*** EXERCISE INPUTS Section Begins ***
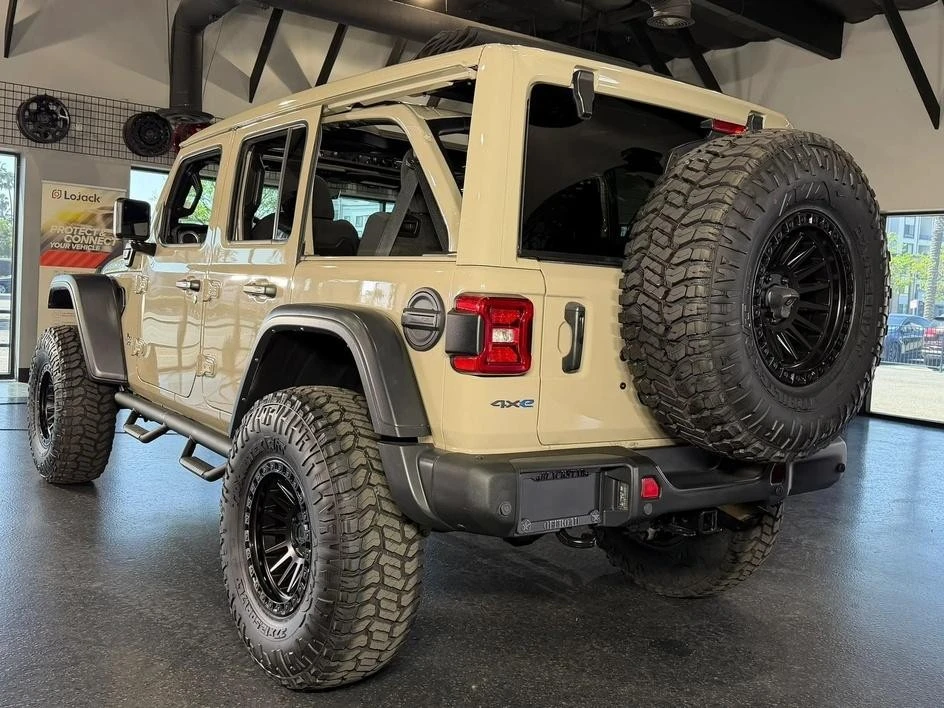 2022 Jeep JL Wrangler Rubicon 392 - Image 21 of 31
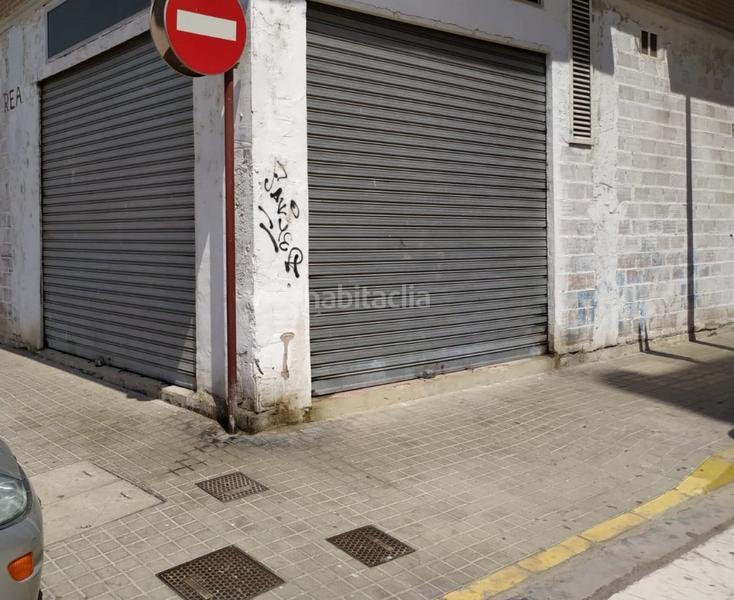 Foto 2885688b-d303-4dc2-b6e8-4976de010332. Alquiler local comercial local a dos calles en Ausias March Alboraya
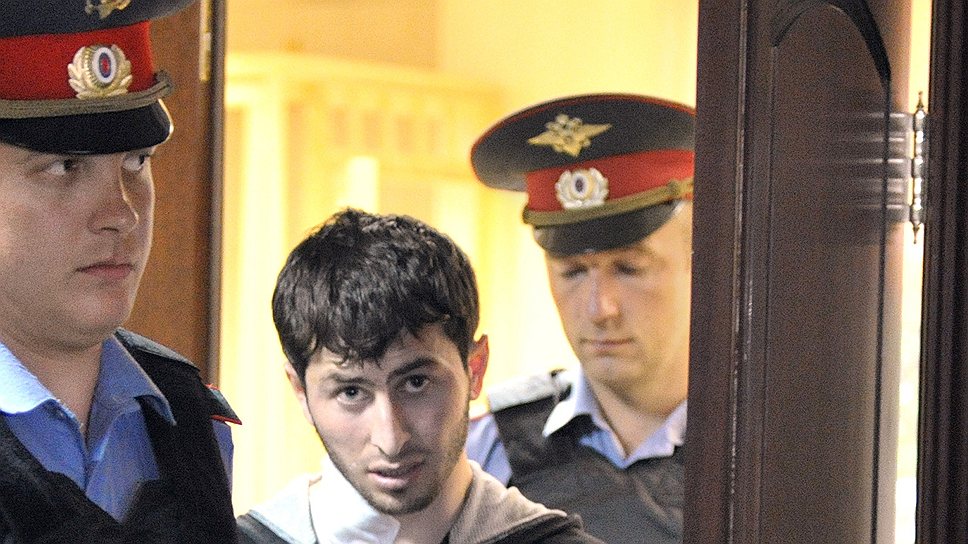 Задержанный по делу за участие в драке 5 июня у торгового центра &quot;Европейский&quot; Бекхам Ризванов (в центре) 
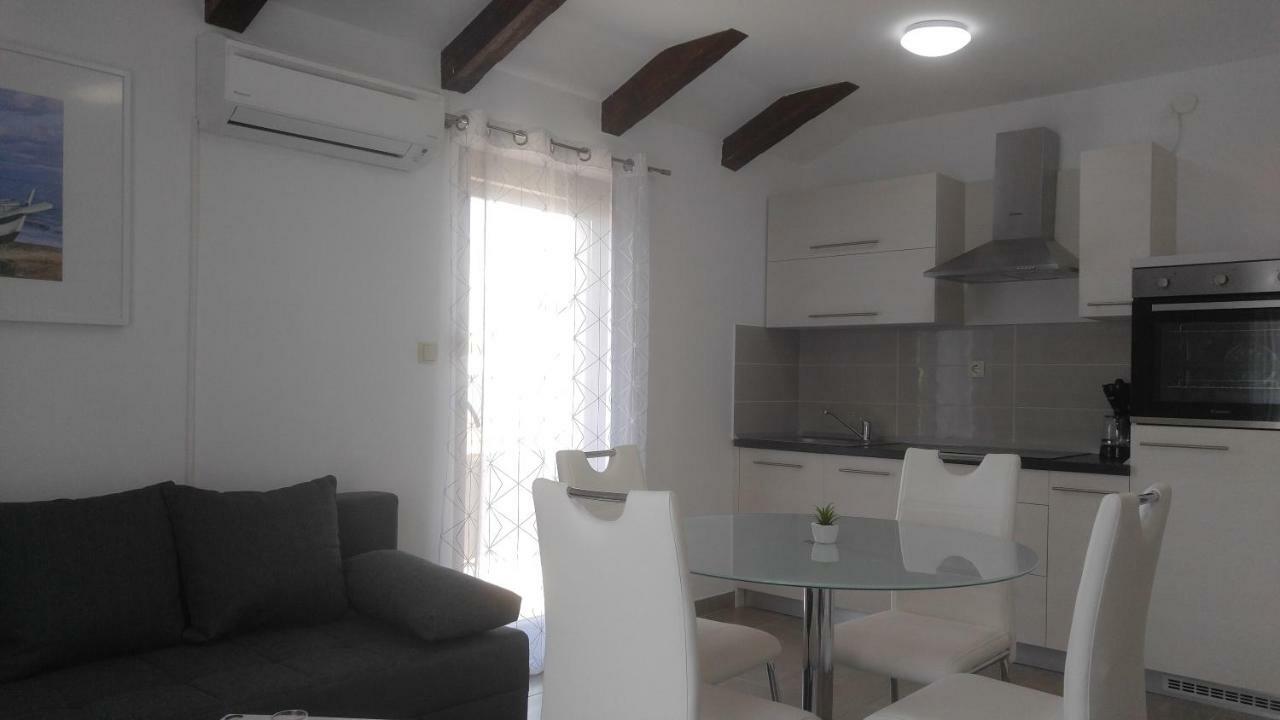 Apartmani Roberta Jurdani Exteriér fotografie
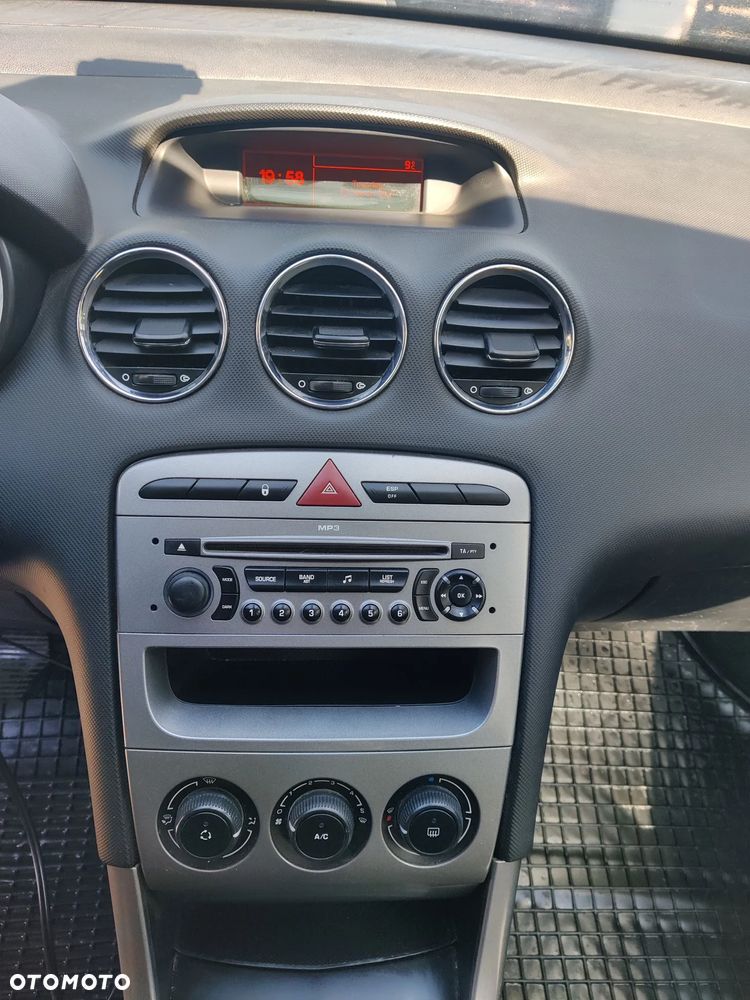 Peugeot 308 1.6 Trendy - 16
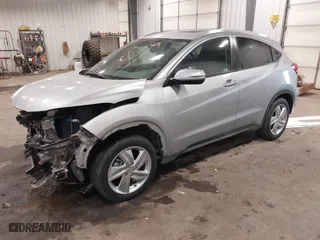 2019 Honda HR-V EX-L with VIN 3CZRU6H71KM725634, listed as a IAAI auction lot 41093552 with 42,239 mi miles. Bid and sale history available at carsss.com. Image 2.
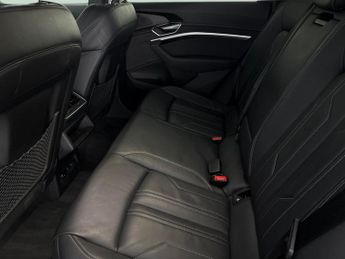 Audi e-tron 55 S line Sportback quattro 95kWh (11kW Charger) (408 ps) - ADJU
*** EXERCISE INPUTS Section Ends ***
### INSTRUCTIONS TO FOLLOW
The line containing "Foto 2885688b-d303-4dc2-b6e8-4976de010332. Alquiler" marks the start: set down exactly that line and every line after it through the last line of the data, without any pictures.

### EXPECTED ANSWER
 Foto 2885688b-d303-4dc2-b6e8-4976de010332. Alquiler local comercial local a dos calles en Ausias March Alboraya
 Задержанный по делу за участие в драке 5 июня у торгового центра &quot;Европейский&quot; Бекхам Ризванов (в центре) 
 Apartmani Roberta Jurdani Exteriér fotografie
 Peugeot 308 1.6 Trendy - 16
 2019 Honda HR-V EX-L with VIN 3CZRU6H71KM725634, listed as a IAAI auction lot 41093552 with 42,239 mi miles. Bid and sale history available at carsss.com. Image 2.
 Audi e-tron 55 S line Sportback quattro 95kWh (11kW Charger) (408 ps) - ADJU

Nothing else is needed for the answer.